American Civil Liberties Union Briefer ASK SYBIL LIBERTY
Sybil says: SPEAK OUT! ORGANIZE! GET INVOLVED!
We spend a big part of our life in school, so . . .let's make a difference --
* join the student government
* attend school board meetings
* petition the school administration.
* debate among yourselves
YOUR RIGHT TO
Students, listen up:
An important part of our education is learning how to participate
fully in the life of this nation. In order to participate, we need
to keep in mind two very important things. First, the Constitution
is the highest law of this land. Second, the Constitution has a
Bill of Rights that protects the freedoms of each and every
American. That includes you and me, the young people of this
country. So my message to you is KNOW YOUR RIGHTS and EXERCISE
Our public education system exists to provide an education to *all*
students, equally. This principle was established as the law of
the land by the 1954 U.S. Supreme Court decision in a case called
_Brown v. Board of Education_. The Constitution guarantees your
right not to be discriminated against in school based on your race,
ethnic background, religion or sex, and regardless of whether your
family is rich or poor.
In addition to that constitutional protection, lots of federal,
state and local laws also protect students against discrimination
based on disability, pregnancy and sexual orientation.

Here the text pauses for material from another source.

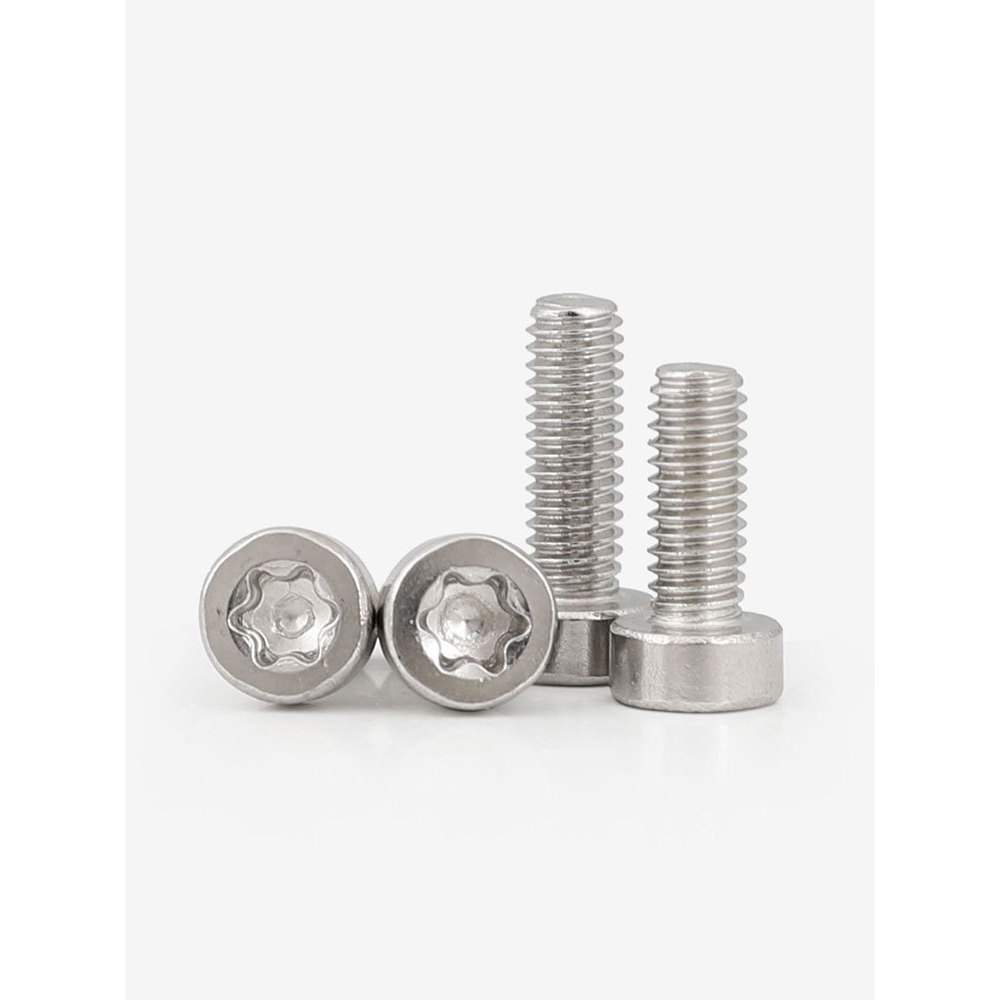 304 สแตนเลสสตีลหัวทรงกระบอกซ็อกเก็ตหกเหลี่ยม Torx สกรูถ้วยหัว Star-Shaped หกดอกไม้สกรู M2M2.5M3M4-M6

Sybil, the coach wouldn't let me join the soccer team just because
I'm a girl. Can he do that?
SYBIL: Sports programs in public schools aren't allowed to
discriminate against girls or boys, which means that a sports
activity can't be offered only to boys or only to girls. Some
schools make exceptions for contact sports like football, or where
students have to compete with each other on the basis of skill for
places on a particular team. In most places, a school can set up
separate teams for girls and boys as long as the sport is offered
to both sexes.
I'm gay and I want to bring a guy, as my date, to the senior prom.
Can school officials say no to that?
SYBIL: They might, although in the one case where this issue came
before a court, the court ruled that preventing a gay student from
bringing his male date to a school dance violated his rights.

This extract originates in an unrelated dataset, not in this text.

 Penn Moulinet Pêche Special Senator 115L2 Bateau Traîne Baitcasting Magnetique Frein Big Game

Whether you're lesbian, gay or straight, as a public school student
you're entitled to the same privileges as any other student, and
school officials aren't supposed to violate your rights just
because they may not like your sexual orientation.
Unfortunately, while a small (though increasing) number of states
and municipalities have passed laws that forbid discrimination
based on sexual orientation, public high schools have been slow to
establish their own anti-bias codes and slow to respond to
incidents of harassment and discrimination against lesbian and gay
students. So even though, in theory, you can take a guy to the
prom, join or help form a gay group at school or write an article
about lesbian/gay issues for the school paper, in practice gay
students still have to fight hard to have their rights respected.

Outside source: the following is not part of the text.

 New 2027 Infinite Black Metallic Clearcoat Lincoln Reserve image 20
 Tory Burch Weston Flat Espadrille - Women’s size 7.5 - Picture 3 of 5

If you feel you're being mistreated by students, teachers or the
school administration because you're gay, your local ACLU can tell
you how to fight back.
What if I'm pregnant, Sybil? Can I be kept out of school?
SYBIL: No. School officials are not allowed to keep you from
attending classes, graduation ceremonies, extracurricular
activities or any other school activity -- except maybe a strenuous
sport. There's a federal law called Title IX (9) of the Education
Amendments of 1972 that bans schools from discriminating against
married or pregnant students. You have as much right to a high
school education as any other student.
I truly believe my teacher gives me a hard time just because I'm a
person of color. Is there anything I can do to change that?
SYBIL: Yes there is, and you *should* do something. The federal
Constitution, state constitutions *and* various federal and state
laws all forbid the personnel and administrators at your school
from discriminating against you because of your race, the country
you or your family came from originally or your religion. If you
feel that you or someone you know is being discriminated against,
speak up: Talk to a teacher, the principal, the head of a community
organization or a lawyer so they can investigate the situation. If
necessary, you can take legal action.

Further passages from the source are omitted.